Two reports urge feds and industry to cooperate on EC

A pair of recently released documents on electronic commerce provide agencies with a road map to speed up the rate at which EC is used in government. In a strategic plan sent to Congress this month, the Office of Management and Budget recommended that by 2001 all federal agencies use commercial off

A pair of recently released documents on electronic commerce provide agencies with a road map to speed up the rate at which EC is used in government.

In a strategic plan sent to Congress this month, the Office of Management and Budget recommended that by 2001 all federal agencies use commercial off-the-shelf EC products to conduct end-to-end transactions so that doing business with the government becomes easier and faster.

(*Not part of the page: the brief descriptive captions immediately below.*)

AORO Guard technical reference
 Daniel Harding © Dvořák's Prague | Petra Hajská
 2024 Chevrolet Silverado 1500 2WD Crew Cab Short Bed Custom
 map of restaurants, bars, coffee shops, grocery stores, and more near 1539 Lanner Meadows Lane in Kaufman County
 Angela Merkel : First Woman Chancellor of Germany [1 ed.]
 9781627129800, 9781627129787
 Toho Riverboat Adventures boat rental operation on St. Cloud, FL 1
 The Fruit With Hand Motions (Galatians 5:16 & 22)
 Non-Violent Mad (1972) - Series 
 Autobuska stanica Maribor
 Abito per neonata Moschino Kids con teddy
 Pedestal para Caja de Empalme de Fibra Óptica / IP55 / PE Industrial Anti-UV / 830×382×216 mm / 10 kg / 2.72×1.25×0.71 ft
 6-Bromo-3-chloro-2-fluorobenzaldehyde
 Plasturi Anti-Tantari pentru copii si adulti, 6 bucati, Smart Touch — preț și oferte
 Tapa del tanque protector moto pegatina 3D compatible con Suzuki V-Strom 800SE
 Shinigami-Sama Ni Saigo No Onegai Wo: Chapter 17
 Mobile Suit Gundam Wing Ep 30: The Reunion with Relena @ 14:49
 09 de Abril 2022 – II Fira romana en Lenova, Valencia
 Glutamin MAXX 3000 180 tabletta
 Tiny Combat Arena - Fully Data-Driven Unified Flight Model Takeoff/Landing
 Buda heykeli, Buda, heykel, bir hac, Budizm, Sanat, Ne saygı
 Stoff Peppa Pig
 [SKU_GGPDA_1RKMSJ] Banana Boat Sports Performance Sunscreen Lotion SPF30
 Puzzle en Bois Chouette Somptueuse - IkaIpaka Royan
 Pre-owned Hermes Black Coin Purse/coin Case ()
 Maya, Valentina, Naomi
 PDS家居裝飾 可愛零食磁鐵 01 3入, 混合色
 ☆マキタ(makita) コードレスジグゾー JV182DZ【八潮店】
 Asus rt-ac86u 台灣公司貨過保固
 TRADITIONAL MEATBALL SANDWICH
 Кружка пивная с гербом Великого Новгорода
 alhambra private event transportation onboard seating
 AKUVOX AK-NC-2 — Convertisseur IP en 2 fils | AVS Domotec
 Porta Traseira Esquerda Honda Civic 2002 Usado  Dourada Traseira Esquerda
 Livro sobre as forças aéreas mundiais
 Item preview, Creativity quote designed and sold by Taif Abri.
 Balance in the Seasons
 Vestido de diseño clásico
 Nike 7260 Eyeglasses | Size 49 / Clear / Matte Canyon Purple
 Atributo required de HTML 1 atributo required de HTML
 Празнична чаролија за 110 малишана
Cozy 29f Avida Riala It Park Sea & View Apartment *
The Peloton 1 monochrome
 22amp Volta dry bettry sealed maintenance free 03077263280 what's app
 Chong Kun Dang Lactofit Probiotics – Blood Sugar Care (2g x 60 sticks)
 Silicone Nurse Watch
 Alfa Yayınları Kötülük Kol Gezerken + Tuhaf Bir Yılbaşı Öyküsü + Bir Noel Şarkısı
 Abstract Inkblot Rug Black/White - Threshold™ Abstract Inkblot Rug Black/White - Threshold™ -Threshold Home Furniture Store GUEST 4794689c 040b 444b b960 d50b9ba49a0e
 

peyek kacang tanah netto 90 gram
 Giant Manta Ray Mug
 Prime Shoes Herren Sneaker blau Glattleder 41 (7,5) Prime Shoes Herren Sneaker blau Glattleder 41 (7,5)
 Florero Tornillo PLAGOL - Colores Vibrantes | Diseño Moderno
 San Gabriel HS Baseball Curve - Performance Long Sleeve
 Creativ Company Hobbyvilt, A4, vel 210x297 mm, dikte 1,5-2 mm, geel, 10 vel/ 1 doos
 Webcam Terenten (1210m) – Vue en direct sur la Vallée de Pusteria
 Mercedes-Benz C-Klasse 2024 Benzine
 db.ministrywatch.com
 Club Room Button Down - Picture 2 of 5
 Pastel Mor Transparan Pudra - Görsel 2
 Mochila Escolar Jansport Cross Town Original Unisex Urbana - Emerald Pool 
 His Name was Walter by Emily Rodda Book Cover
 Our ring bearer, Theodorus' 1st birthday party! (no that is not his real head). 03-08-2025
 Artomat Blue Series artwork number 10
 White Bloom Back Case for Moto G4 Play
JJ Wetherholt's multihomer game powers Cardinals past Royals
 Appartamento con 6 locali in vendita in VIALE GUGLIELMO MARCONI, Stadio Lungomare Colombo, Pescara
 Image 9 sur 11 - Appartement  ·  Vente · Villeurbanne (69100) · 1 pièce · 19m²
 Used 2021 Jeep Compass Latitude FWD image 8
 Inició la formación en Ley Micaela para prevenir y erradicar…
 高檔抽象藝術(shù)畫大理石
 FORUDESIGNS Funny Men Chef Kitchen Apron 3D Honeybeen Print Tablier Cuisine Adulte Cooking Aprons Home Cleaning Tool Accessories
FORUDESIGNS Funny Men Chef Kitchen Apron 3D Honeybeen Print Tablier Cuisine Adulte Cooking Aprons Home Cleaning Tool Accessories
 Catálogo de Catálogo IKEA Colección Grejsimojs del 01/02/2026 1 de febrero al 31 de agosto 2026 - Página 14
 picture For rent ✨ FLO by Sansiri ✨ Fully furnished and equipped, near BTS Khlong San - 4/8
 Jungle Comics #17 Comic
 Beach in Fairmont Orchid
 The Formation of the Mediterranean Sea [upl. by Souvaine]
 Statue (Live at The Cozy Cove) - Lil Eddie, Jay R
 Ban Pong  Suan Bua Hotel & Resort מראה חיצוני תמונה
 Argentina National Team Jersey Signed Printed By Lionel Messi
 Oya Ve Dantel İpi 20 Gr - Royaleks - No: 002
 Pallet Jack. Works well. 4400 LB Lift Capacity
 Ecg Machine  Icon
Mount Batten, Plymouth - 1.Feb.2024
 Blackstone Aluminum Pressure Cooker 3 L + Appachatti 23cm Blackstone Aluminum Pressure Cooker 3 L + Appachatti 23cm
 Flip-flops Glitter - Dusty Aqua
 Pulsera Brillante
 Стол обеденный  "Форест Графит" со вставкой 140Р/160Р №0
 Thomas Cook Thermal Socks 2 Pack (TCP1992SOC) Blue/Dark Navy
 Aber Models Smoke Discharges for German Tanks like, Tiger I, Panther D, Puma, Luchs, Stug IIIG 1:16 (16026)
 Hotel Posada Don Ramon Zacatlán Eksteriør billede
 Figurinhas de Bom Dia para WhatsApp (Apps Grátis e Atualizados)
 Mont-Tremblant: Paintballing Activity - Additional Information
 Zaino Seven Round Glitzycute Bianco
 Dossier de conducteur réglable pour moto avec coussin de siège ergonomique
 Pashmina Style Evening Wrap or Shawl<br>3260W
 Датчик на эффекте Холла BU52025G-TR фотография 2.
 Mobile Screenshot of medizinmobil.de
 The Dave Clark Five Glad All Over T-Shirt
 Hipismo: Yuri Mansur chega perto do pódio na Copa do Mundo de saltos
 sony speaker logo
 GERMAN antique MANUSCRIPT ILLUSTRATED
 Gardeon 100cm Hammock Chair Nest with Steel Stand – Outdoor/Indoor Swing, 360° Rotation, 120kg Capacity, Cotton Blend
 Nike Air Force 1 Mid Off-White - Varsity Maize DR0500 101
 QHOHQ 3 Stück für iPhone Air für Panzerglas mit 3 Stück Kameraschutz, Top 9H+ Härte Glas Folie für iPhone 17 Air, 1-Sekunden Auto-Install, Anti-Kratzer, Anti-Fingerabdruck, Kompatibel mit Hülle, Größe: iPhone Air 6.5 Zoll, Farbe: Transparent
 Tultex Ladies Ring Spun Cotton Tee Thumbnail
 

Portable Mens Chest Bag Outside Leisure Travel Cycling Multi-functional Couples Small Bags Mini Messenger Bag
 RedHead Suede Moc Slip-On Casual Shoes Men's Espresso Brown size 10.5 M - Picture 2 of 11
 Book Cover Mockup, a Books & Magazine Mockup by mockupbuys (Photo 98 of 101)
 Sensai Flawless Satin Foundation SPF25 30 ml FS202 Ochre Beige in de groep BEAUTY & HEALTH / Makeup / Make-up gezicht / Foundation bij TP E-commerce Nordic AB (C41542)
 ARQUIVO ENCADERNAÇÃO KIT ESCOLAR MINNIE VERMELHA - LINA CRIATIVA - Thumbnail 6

The plan, "Electronic Commerce for Buyers and Sellers: A Strategic Plan for Electronic Federal Purchasing and Payment," which was drafted by the Electronic Processes Initiatives Committee (EPIC) of the President's Management Council, was developed in response to a requirement in the Defense Department's 1998 Reauthorization Act.

Meanwhile, the Industry Advisory Council, at the request of EPIC's Buying and Paying Task Force, released a report recommending the government use open standards for EC that will support a single face to industry and ensure interoperability.

Although the strategic plan represents the government assessment and the IAC report, called "Government and Industry: Doing Business Together Electronically," which represents industry recommendations, the two encourage the widespread use of EC based on standards and government-industry cooperation.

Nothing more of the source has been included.